I am three years into watch-and-wait mode, but will need to treat my AN this year because it continues to grow steadily (recent posting in Watch-and-Wait section for details).

I have considered many treatment options, and favor some form of radiation therapy. There is a relatively new kind of radiation therapy available now called Tomotherapy (http://www.cancercenter.com/conventional-cancer-treatment/tomotherapy.cfm). When applied to the brain and spine, it is referred to as Neurotomotherapy.

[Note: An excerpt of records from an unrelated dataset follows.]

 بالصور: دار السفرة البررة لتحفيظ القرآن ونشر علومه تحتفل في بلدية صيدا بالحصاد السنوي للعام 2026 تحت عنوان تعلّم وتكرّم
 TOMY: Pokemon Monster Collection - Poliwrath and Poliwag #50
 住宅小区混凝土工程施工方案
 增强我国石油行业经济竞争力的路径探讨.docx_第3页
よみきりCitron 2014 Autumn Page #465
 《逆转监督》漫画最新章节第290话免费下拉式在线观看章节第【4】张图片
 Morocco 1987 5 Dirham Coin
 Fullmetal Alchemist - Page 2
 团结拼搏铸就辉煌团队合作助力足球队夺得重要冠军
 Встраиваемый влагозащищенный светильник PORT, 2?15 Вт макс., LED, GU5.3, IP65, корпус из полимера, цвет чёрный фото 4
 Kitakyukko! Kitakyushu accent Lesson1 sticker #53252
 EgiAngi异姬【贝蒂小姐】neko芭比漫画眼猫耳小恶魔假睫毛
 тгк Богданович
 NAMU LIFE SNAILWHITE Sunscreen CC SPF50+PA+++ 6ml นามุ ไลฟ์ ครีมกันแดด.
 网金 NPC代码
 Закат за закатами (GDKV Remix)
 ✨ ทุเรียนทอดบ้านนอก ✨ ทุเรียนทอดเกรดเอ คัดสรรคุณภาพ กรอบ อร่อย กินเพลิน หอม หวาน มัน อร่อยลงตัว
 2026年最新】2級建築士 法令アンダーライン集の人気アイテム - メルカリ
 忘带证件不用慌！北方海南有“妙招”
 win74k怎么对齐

Basically, the approach is to real-time image the tumor before precise doses of radiation are administered. Tomotherapy claims to (from above website):

- Sculpt small, powerful and precise radiation beams to hit hard-to-reach tumors
- Target tumors using built-in CT scanning to confirm the shape and position of the tumor seconds before your treatment begins
- Reduce radiation exposure to healthy surrounding tissue, often dramatically

Older, conventional forms of precision radiation (radiosurgery, stereotactic radiotherapy or fractionated stereotactic radiosurgery) include Gamma knife, X-knife, Cyberknife and Novalis. These techniques apparently adminster radiation based on a static image taken days or weeks before a new dose is given.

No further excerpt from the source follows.